As I write this letter, I am certain about only one thing when it comes to international trade—by the time you read this, the world will have changed significantly.

Kevin Brinkley

Kevin Brinkley, PCCA President and CEO

Rather than use this space to debate the benefits and costs of any one approach to trade policy, I believe it will be helpful to review what trade means to the cotton industry.

FACT #1: Cotton grown in Texas, Oklahoma, Kansas and New Mexico will be exported in large part to Vietnam, China, Turkey, Indonesia, Pakistan and Mexico. Trade and political risks related to many on this list are covered in the news daily. These six countries purchase 70% of all U.S. exports.

FACT #2: Cotton exports are the primary driver of value for growers. U.S. consumption of cotton equals 3.5 million bales annually. Without exports, cotton prices would not sustain production on 12-13 million acres in the U.S.

FACT #3: There is no revenue replacement for exported cotton. The value of the cotton crop in the export market exceeds $5.5 billion annually. The gap created by the loss of even a portion of that total creates a negative economic impact on growers and handlers of the crop.

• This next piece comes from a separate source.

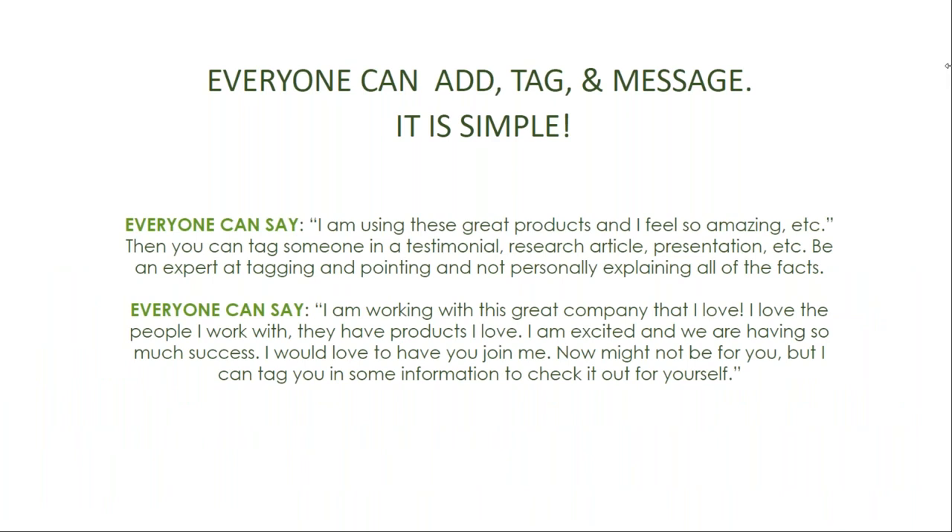Everyone can add, tag, and message — it's simple. It doesn't take special skills or knowledge to say, 'I'm using these great products and I feel amazing,' then tag someone in a testimonial, research article, or presentation. Or you could say, 'I'm working with this great company that I love. I love the people I work with and they have products that I love. I'm excited and we are having so much success — I would love to have you join me. It might not be for you, but I can tag you in some information and you can check it out for yourself.'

Cotton growers and merchandisers have worked diligently for decades to build markets for U.S. cotton around the world. Essential to developing those markets has been time (i.e. patience), reliability and trust. Trade actions that unravel those elements pose risks to the structure of farming and related businesses. The capacity to gin, store and ship the crop has been growing based on the belief that our export markets will be healthy for years into the future. Trade actions that erode confidence in those markets will undoubtedly slow capital investment in gins, warehouses and infrastructure.

Trade policy changes need to be considered in light of their impact on the entire supply chain starting from the farm and continuing downstream. It is important for growers to communicate the value of exports to their communities and the policy makers that represent them. Let us hope that we won’t easily surrender what has taken years of hard work and investment to build.